# Re-Fencing



## Tyler (Apr 26, 2009)

My pasture is in serious need of re-fencing. Most of the wood fence posts are either rotten or burned (from burning ditches), and most of the metal T-posts are rusted and coming out of the ground. The fence isn't in much better condition. It's so rusted that, in some places, the wires are totally rusted through.

What would you recommend I use to replace the fence? Please keep in mind that I don't have the funds to go über expensive.


----------



## Zelda (May 2, 2009)

My favorite is no climb horse fence - it has 2" x 4" squares. 4' high with an electric wire at the top works well.

That said, we just fenced a new goat paddock and used plain old field wire - 4" x 4" squares at the top and smaller squares toward the bottom. It will have 3 strands of barbed at the top, to make a 5' 5" tall fence. Someone gave us a roll of wire that was in decent shape, sometimes you can get that stuff off of Freecycle.

Then I buy up cheap steel T posts off of Craigslist whenever they are available, so it's a very _cost effective _fencing operation. (Hahaha, nice way to say cheap.)


----------



## Tyler (Apr 26, 2009)

Ok.

That's what we have now (with only one strand or barbed wire). I like it a lot. 

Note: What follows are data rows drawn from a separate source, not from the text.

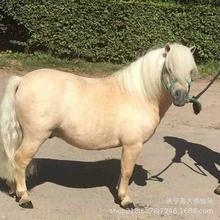 �������u���^�����T���õ�С���R���w�ć��a���R�����T�ᰫ�R���U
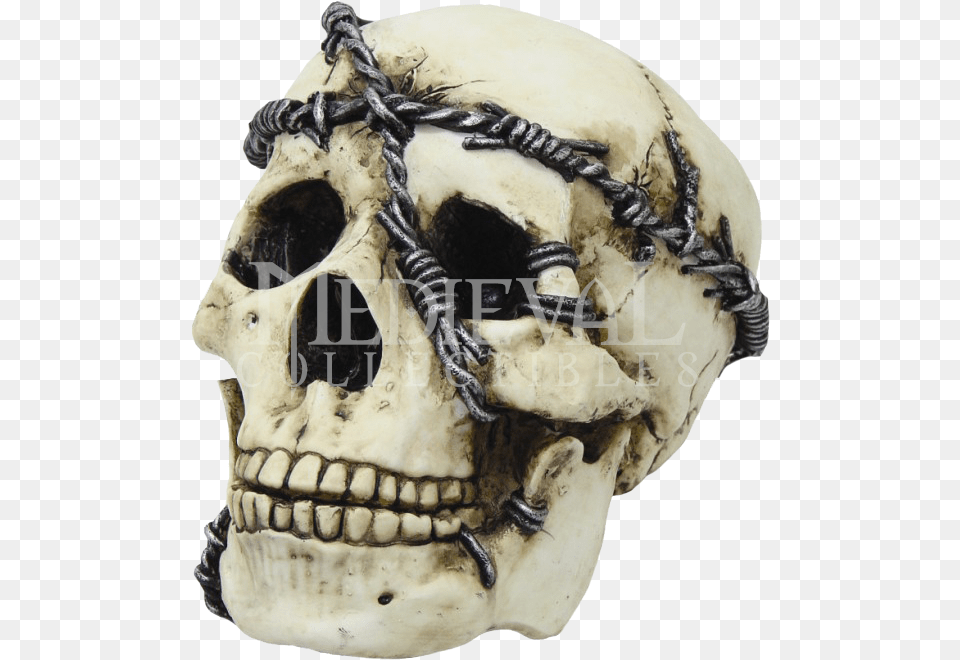 Skull With Barbed Wire Skulls And Barbed Wire, Person, Head, Face Free Png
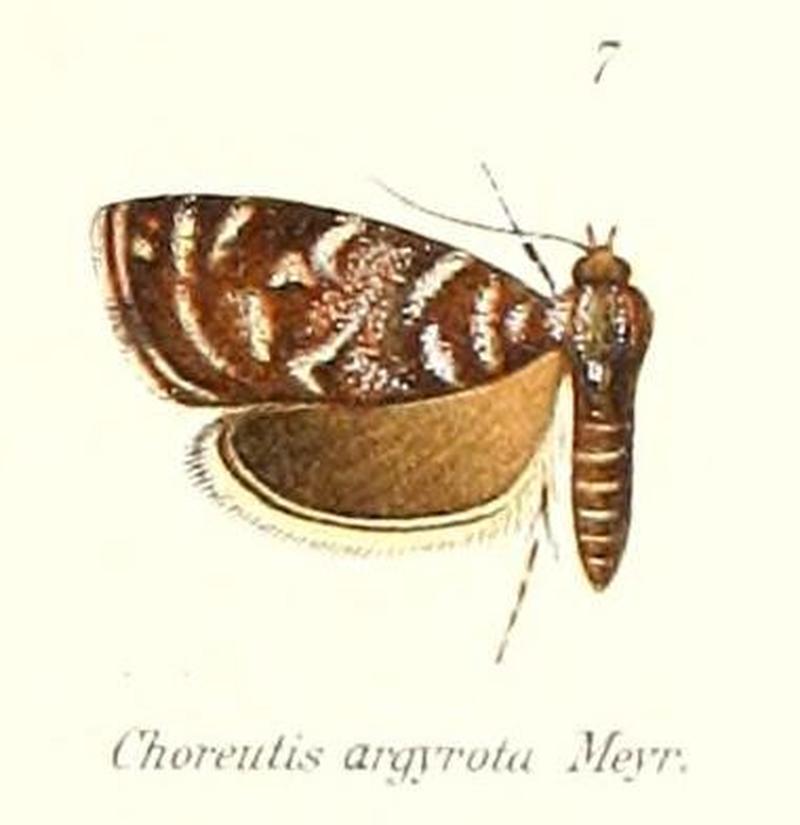 Pl.1-07-Choreutis argyrota Meyrick, 1912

Brilliant! That's what I was most worried about cost wise.

Thanks so very much!


----------



## Lawanda (Jun 11, 2009)

If you have a local bulletin board type paper, or wanted ads type or thing in your newspaper, you could look through/post an ad in there, too. We got a lot of our fence from an ad in the local bulletin board for VERY cheap. it is woven wire.


----------



## sparks879 (Oct 17, 2007)

Whatever type of fencing you decide to go with i would put a line or two of electric wire, anoe about chest high and maybe one at the top. Just to keep the goats off of it. Goats never seem to be satisfied looking through the fence, they want to look over. Even if the fence is see through. Youre fences will last a lot longer without goats climbing and rubbing on them.
beth


----------



## bheila (Jan 10, 2009)

We always figure the cheapest way to go is to barter. We traded hay for a 330' roll of field fencing, all the T-posts and woods posts we needed to put up the fence. We were only out about $150. I'd say that's pretty cheap. Trade, trade, trade, barter, barter and barter some more :wink:


----------



## Tyler (Apr 26, 2009)

Cool! Thanks for the suggestions, everybody. I definitely will be putting up two strands of electric wire.


----------



## cdtrum (Aug 25, 2008)

Great ideas! We too are needing to do some more fencing.....boy, it can be costly!


----------